The day of the tattoo I was so busy. I kept thinking I’ll get something to eat in a sec. Sec never happened and then, omg, I better go so I won’t be late. So all went well til it didn’t. My artist was working and I started to feel a chill. I had my jacket over my legs and started to feel a chill. This should have been a clue. I asked my artist is it cold in here? She said “no, it’s pretty nice in here actually. So we continued. Talking and tatting.. She’s a beautiful girl and we talked about all sorts of things. Afterward I stood up put on my jacket and started to shake. There was a woman standing next to me who said you’re going into shock.. I was all what? I’ve had numerous tattoos never , have I ever, experienced anything close to this. So I walked outside to go to my vehicle. Saw a friend and told her I can’t stop shaking, she says, you’re going into shock. So everyone knows this but me? I went to my car turned up the heat and the seat warmer. Texted someone else who immediately got concerned. Isn’t it funny who you tell things to when there’s a problem? Lesson learned is all I can say. Next time, full meal. taking water and a friend.

So it took me a week to get over whatever I had and it was no picnic. Still nursing a fever blister on the lip.

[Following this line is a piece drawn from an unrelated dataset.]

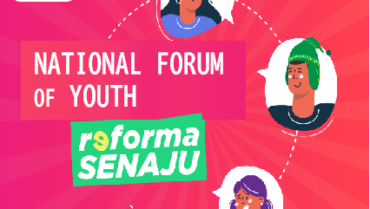 National Youth Forum: Senaju Reform #Peru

So here’s a picture of the offending tattoo.

Pretty isn’t it?

It’s blue his favorite color. He loved snakes as well. I have so many pictures with him holding a rattler. I was always scared he was going to get bitten. The Orchid for strength to keep living without him in this life. Something beautiful has to come out of something so awful. Doesn’t it?

I will always miss him.

One of his favorites

I hope your heart is at peace and you are fully loved.

✌️🖤

Raq

Jealous

So very jealous of the sun

That warms your brown skin

The wind that lightly caresses you

The time I spend away from you

The song is beautiful, almost fitting

What!? It could happen!

Until we meet again

Raq

More Than

More than

This body, this face

As I sit here looking at my last surviving child that is intubated and has tubes running in and out of her body. It hits so hard how we are so much more than this body that houses our being.

She is sunshine, happiness, kindness and love..

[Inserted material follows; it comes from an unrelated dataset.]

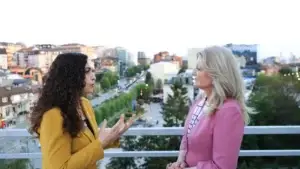 Osmani prezanton një tjetër kandidate për deputete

When she was a child I remember being at a hospital visiting someone and it was her birthday. My daughters birthday. She was tiny, maybe 4 or 5. She had chosen a Barbie at the store because we were out of town. While we were in the waiting room there was a sick child she saw and spoke to. Yes, it was a long time ago. She pulled me aside and asked if she could give the little girl the doll. Of course I said yes, and I got a bit emotional. But that’s when I knew the heart in my child. As she got older it got more expensive. She couldn’t see someone not having what she had.

Now don’t get it twisted she has the heart of a lion. I’ve seen her take on her brother for fun and anyone who threatens someone she loves.

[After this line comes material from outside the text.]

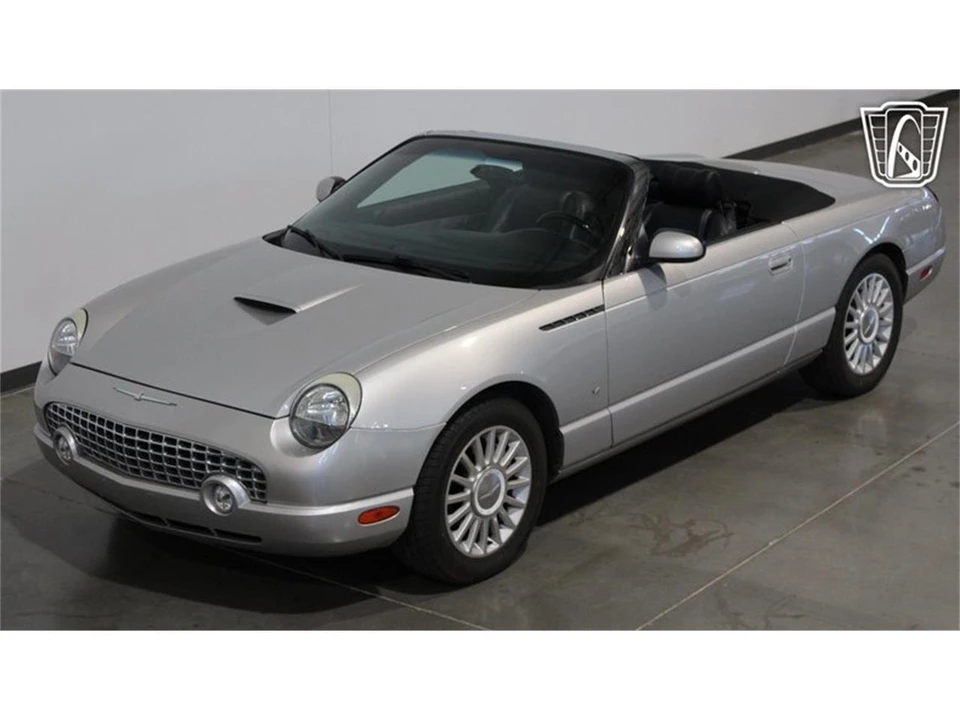 2004 Ford Thunderbird 11th Gen - Image 12 of 31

But the goodness outweighs all the bad.

No matter what happens she will be ok.. so will I. Because I got to be her mom.

R

Forgiveness

I love Tyler Perry movies..

Today I watched Diary of a mad black woman, for the upteenth time. Love it.. In his movies karma and forgiveness play a big part and this one is no exception.

For some reason today it was even more meaningful than anytime before.

If I ever loved you, I will love you always. I mean what I say and it’s been a hard pill to swallow that others don’t.

Missing something inside but, knowing that God has this, is everything. The rapture of being alive.

Peace and so much love on this Easter Day..

Raq

Another one

Another song! Yes, another, stay on your mind and keep replaying, making you rethink your life… kind of song 🤣

Just a really good song….less words more listening ha!

Keep me safe
We need light, we need love

So like how is it a person can make you feel safe with just their existence. The words they use and air. This song just said it. I’m in awe.

On a different note. I was called a knucklehead head today. In a sweet way even. Never saw that comin 🤣

Another revolution around the sun too!